In Table 3(b) we can see that RMSE of the 12-month-ahead forecast for USA Unemployment Rate is smaller than one of the forecasts at 5 and 7 months ahead. This is mainly due to the error magnitude of forecast done in April 2020. This forecast exercise includes in its horizon the first sample impacted by the COVID-19 and has a very large forecast error. Since the dataset ends in January 2021, the forecast horizon st in this exercise is 9 months (see Figure 3); which implies that for this forecast it is possible to measure the errors at 1, 5, 7 months but not at 12.
Finally, following the guidelines provided by Eurostat (2020) on modelling outliers due to COVID-19, we monitor sequentially the forecasting errors. The RMSEs for the one-, two-, seven- and twelve-step-ahead forecasts of the three methodologies indicate that the FM FMCD and FM IRLS models have better performances than the FM Std model at all the horizons (see Figures 10, 11 and 12 in Appendix). The numerical results in the panel (b) of Table 3 suggest the FM IRLS model has superior forecasting ability at all horizons.
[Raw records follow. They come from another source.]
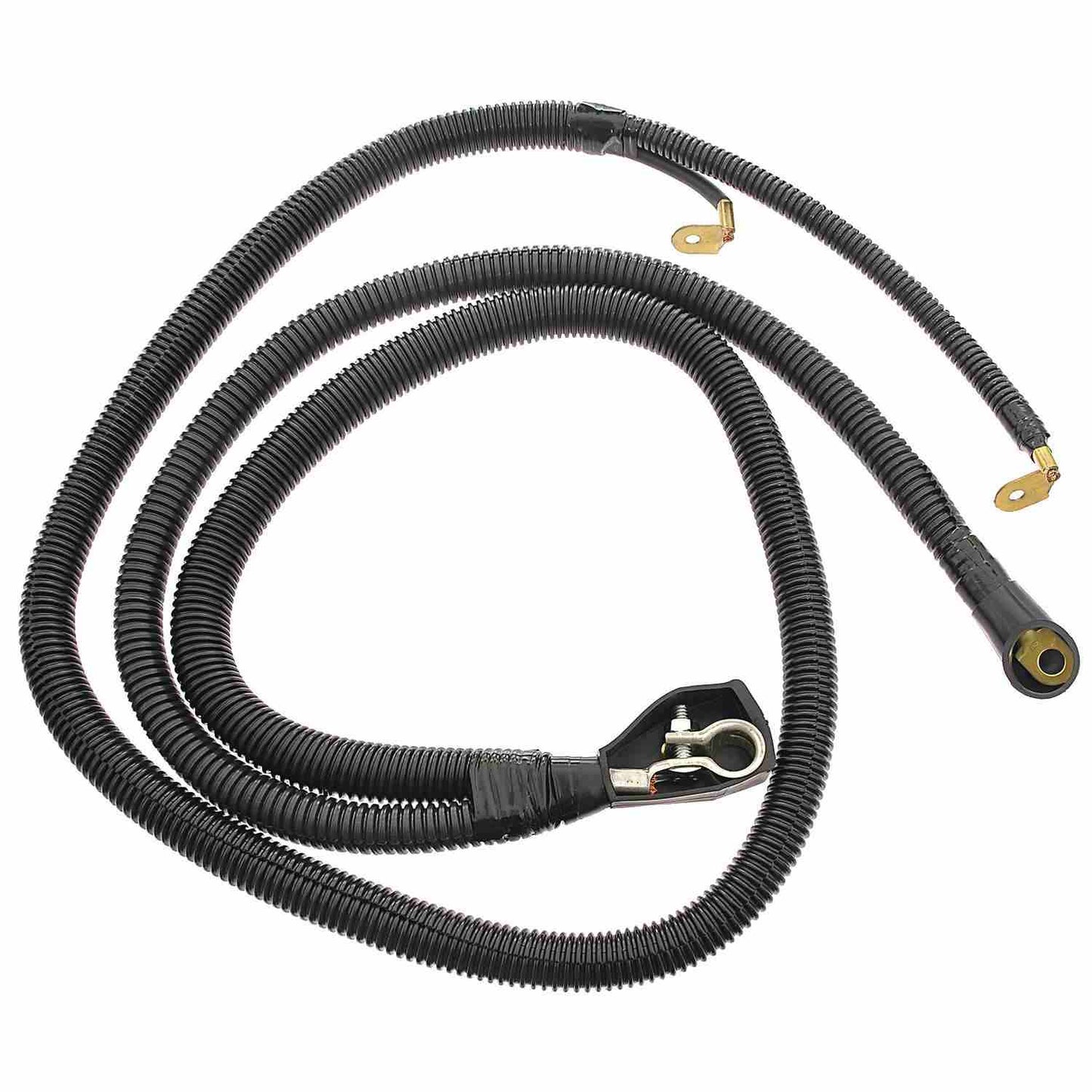 Standard Ignition Battery Cable A33-2TBC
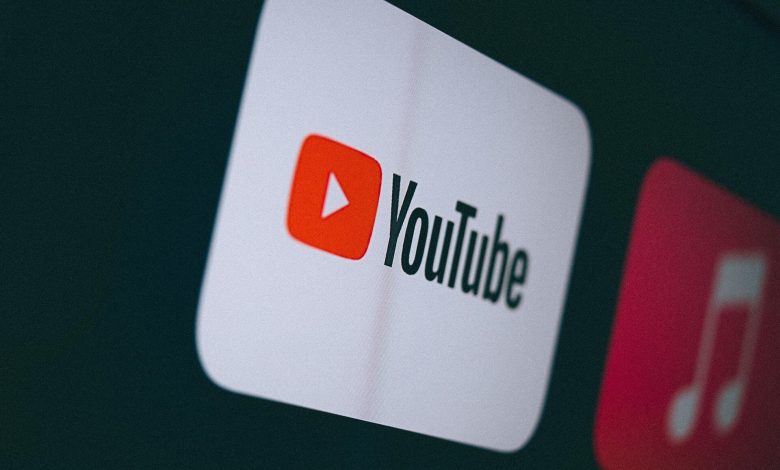 ML do Google usa vídeos do YouTube, criadores reclamam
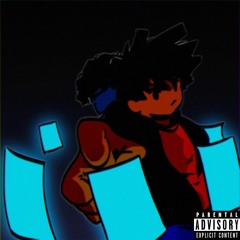 Mafia (feat. 6ixSwerVv, DayDayGlo, Overloadkingyaya, & Jack FVOE) [prod. Hydraa]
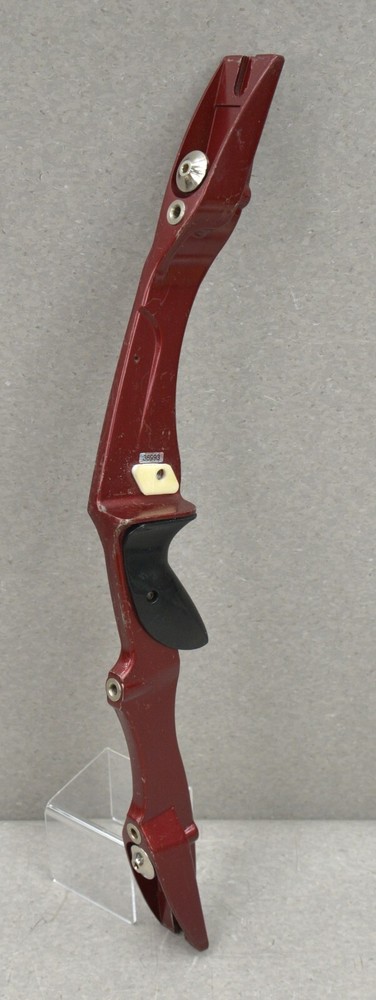 PSE 23" Recurve Bow Riser Handle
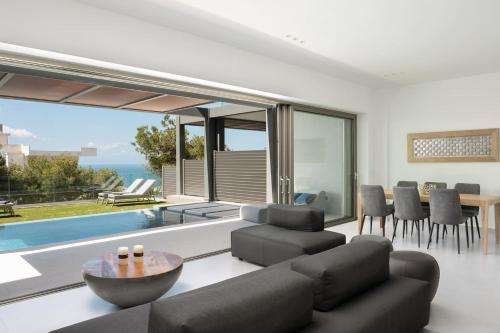 www.nvluxury.gr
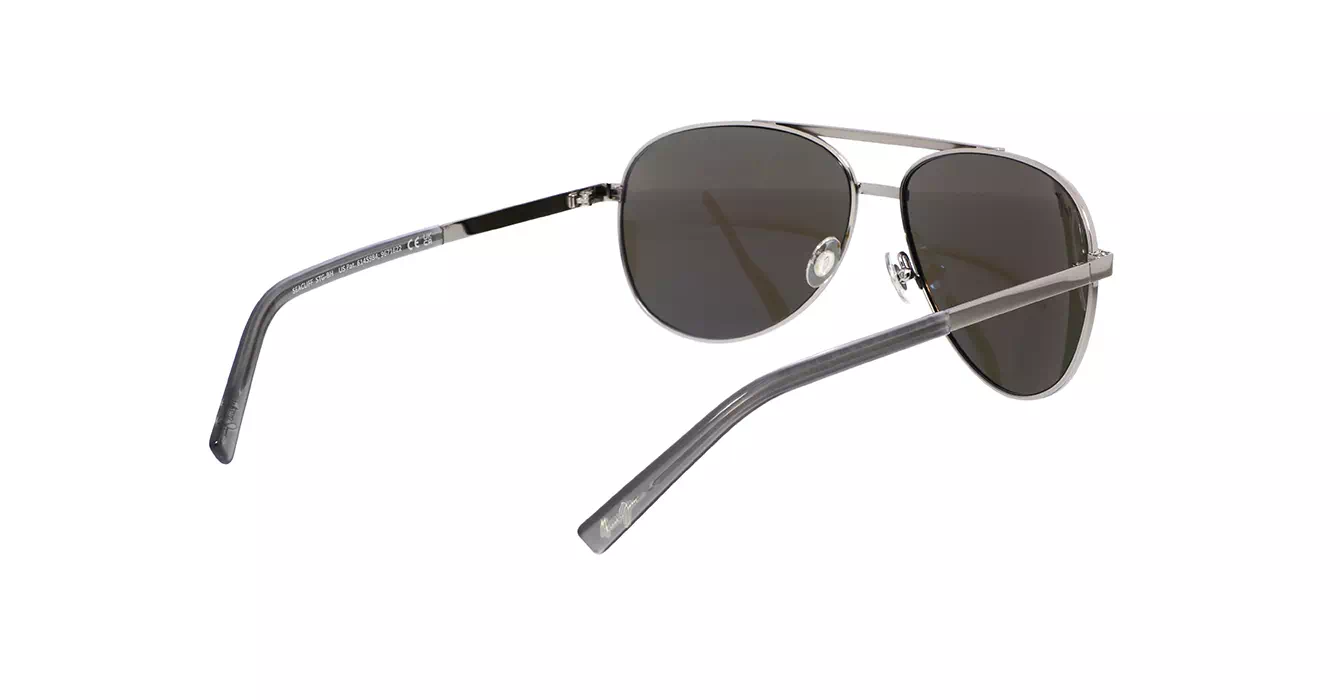 Maui MJ831 02D B SEACLIFF s61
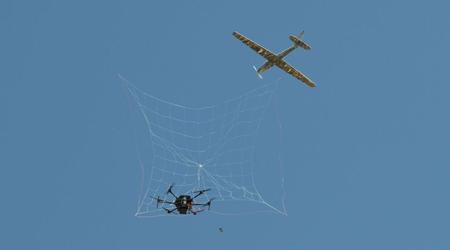 La Russia ha perso il suo vantaggio nei droni da ricognizione, che correggevano i colpi di missili e artiglieria.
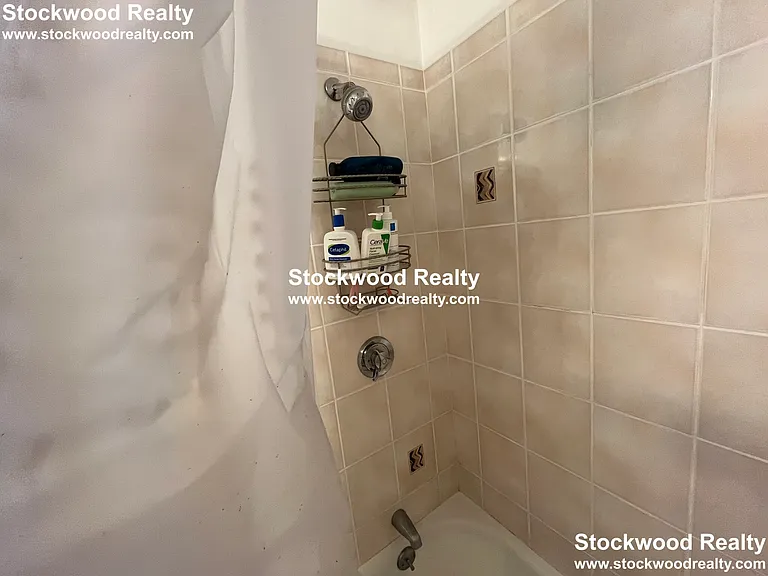 41 Howell St #2 — Photo 29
The bottom line from this section is the following:
● the sample observations during the 2009 crisis and the 2020 COVID-19 pandemic heavily affect factor estimates obtained with the standard procedure;
● consequently, standard factor models can produce significant forecasting errors in the presence of outliers, whereas robust models perform better;
● the variables most impacted by the 2009 crisis and the pandemic (such as GDP and unemployment) exhibit the most significant forecast errors in all estimation procedures;
● the sequential forecasting comparison between MCD and IRLS showed that the latter approach usually leads to superior forecasting performances.
5.
Conclusions
Outliers can have disruptive effects on inference, biasing the estimates and the conclusion of the statistical analysis. Through the lens of factor models we provide evidence of the effects of outliers due to the 2009 crisis and the COVID-19 pandemic on the forecast abilities of the models. We applied two techniques for robust factor estimation based on robust covariance matrix estimators. The robust methodologies that we chose have the advantage of avoiding data deletion or manipulation. We compare the standard factor estimation with the robust estimation approaches for an extended period and on a set of relevant variables. The choice to include the COVID-19 pandemic period in the estimation and forecasting exercises has the scope to highlight the relevance of handling outliers in periods of large shocks to the world's economies. We show that robust estimation can reduce outliers' influence and produce good forecasts.
Conflict of interest
All authors declare no conflicts of interest in this paper.